Wednesday, December 31, 2008

At The End Of The Year, Music Is Still My Boyfriend

As the year comes to a close I received some music gifts from overseas. The first was a requested and much desired 'Music is my Boyfriend' Hidden Cameras T-shirt. I had hoped when they played Manchester (here) they would have some on sale. They didn't. So thank you to the N. American branch of the family for visiting Kill The 8 (me neither) website and spending their Xmas dollars wisely.

The other gift, from Australia, was an eight song CD from Melbourne-based ska band The Ska Vendors.
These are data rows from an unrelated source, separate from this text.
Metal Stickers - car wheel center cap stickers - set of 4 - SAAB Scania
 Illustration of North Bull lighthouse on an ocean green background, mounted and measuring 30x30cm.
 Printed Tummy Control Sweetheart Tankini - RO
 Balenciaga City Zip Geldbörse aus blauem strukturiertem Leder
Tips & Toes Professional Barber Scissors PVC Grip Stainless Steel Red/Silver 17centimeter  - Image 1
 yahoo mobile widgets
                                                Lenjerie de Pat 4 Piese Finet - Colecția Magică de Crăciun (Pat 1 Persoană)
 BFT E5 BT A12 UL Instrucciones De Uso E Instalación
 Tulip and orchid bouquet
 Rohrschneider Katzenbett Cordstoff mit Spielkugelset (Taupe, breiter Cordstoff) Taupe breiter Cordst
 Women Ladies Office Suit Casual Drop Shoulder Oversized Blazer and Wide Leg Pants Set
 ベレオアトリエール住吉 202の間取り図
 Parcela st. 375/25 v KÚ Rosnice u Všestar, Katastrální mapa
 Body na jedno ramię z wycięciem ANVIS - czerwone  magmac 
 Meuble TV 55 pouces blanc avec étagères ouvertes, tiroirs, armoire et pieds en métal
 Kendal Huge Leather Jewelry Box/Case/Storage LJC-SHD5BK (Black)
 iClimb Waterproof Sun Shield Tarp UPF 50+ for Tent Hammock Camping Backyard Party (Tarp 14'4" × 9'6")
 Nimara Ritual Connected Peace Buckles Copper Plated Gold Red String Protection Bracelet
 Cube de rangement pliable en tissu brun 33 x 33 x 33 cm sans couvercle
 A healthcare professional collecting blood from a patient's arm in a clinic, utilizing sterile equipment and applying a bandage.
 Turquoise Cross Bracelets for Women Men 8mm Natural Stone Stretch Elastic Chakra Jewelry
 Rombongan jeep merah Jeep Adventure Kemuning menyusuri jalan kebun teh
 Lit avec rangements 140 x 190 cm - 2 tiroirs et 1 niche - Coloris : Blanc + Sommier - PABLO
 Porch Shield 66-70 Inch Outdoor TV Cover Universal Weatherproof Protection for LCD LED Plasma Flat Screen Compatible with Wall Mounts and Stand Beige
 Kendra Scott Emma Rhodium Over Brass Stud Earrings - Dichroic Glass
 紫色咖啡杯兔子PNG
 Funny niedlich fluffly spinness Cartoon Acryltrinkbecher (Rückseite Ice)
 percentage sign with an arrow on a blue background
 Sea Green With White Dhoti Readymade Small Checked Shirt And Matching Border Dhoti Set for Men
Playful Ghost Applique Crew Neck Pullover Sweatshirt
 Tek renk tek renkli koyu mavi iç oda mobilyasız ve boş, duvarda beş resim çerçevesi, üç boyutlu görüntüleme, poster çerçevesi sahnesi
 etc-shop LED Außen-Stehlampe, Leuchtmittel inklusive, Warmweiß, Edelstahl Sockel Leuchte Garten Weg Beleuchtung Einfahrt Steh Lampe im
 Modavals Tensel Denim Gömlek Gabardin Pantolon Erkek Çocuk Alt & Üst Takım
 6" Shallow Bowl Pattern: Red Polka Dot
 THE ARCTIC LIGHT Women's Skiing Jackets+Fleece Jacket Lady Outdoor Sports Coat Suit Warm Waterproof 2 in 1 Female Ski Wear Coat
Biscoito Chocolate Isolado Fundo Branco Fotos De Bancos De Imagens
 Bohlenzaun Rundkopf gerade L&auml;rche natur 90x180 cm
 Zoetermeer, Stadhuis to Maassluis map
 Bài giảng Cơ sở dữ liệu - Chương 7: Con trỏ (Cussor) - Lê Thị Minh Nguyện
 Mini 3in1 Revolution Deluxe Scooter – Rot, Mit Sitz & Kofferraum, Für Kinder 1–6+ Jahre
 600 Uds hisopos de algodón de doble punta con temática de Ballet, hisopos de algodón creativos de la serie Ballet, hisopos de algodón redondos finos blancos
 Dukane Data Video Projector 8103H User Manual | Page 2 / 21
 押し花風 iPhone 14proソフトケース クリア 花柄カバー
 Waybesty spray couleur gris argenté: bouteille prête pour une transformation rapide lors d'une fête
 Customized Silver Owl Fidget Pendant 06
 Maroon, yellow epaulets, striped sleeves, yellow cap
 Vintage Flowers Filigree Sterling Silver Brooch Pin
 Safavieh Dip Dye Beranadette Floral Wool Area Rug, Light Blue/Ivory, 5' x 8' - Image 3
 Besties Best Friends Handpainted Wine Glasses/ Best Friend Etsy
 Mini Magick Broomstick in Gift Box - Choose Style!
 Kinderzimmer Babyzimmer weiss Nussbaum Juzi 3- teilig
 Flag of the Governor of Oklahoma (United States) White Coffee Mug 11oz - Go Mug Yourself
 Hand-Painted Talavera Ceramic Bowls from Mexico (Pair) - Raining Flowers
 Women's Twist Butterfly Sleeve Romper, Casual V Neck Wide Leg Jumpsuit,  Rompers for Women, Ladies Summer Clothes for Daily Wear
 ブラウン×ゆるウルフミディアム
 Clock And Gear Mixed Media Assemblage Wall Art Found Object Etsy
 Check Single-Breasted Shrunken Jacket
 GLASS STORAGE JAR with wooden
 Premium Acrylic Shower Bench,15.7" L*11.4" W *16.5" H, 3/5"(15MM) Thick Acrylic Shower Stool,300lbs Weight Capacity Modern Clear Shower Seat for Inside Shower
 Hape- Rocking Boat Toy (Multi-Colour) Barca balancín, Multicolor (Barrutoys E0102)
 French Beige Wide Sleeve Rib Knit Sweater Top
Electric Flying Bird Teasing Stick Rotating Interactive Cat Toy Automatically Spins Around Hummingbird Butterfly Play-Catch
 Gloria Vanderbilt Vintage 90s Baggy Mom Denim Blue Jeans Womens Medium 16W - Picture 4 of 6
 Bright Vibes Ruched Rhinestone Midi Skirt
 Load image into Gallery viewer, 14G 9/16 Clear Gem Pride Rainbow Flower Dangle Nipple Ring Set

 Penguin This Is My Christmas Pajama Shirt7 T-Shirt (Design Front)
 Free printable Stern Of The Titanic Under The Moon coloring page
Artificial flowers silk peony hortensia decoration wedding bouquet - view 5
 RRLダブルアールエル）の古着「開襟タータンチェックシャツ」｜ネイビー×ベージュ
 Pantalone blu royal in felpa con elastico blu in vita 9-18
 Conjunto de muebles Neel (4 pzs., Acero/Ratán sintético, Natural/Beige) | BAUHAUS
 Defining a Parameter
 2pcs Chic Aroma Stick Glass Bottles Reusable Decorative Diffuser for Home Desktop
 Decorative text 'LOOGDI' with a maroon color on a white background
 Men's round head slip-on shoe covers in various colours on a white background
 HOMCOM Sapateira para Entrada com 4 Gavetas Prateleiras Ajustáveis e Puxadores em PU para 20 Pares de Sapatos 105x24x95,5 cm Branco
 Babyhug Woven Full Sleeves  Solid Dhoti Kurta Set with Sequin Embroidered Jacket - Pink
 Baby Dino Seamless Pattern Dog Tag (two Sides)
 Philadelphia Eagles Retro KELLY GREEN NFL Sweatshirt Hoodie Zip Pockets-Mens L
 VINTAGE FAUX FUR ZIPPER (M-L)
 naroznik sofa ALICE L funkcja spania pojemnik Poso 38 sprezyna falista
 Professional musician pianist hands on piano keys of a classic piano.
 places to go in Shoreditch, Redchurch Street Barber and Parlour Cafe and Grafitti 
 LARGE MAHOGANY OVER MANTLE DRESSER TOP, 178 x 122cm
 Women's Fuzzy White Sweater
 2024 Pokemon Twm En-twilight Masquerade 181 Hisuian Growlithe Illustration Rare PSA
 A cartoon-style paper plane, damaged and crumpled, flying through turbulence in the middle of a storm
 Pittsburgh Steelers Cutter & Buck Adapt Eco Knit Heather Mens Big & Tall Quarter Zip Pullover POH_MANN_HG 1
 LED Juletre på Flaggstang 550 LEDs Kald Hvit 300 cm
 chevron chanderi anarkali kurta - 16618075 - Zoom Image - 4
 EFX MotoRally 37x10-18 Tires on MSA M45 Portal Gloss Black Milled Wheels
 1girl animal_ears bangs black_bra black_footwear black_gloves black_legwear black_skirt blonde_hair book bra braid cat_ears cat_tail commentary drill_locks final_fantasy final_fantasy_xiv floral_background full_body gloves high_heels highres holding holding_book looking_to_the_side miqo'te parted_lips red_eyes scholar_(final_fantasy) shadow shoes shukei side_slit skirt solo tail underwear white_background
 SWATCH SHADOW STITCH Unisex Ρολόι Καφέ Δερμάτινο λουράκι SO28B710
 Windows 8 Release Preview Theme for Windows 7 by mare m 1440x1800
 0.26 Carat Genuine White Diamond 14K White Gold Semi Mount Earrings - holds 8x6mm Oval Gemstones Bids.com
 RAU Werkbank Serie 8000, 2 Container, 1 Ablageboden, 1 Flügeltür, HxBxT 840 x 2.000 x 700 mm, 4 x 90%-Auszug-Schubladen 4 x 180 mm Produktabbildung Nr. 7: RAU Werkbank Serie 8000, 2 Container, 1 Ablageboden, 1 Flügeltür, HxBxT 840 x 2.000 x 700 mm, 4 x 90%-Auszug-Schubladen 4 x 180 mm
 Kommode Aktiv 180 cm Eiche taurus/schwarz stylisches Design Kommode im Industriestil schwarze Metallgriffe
The Ska Vendors are an 8 piece Melbourne based band. We have been skanking it up since 2004 playing a mix of Ska, Rocksteady and Jamaican R&B. We have shared the stage with The Specials, The Beat, Strange Tenants and many other great Melbourne bands. We provided backing for Carlos 'Bonanza Ska' Malcolm and recently had the pleasure of playing with The Caribs, Australian pioneers of Jamaican R&B. We tip our hats to the myriad of great Melbourne Ska bands that have preceded us (The Strange Tenants, Loin Groin, Area 7 et al) as well as 2-Tone and the Jamaican pioneers that have influenced our sound. This is Melbourne Ska!

Get this their first EP here.

HUMP FOR BENDING
The Hidden Cameras
AWOO [BUY]

I DON'T WANT YOU TO GO
The Ska Vendors
The Ska Vendors [BUY]

I have no interest in writing (here) about anything else than music. Whatever else this year has brought, I've managed to have a great time listening to new music and (re-) discovering old music, going to gigs (29 this year. Whilst remaining married and sane. Shame about the overdraft though.) and posting random thoughts here. And after two and a half years of trying, I think (*think*) I've managed to get my head why I am writing this blog.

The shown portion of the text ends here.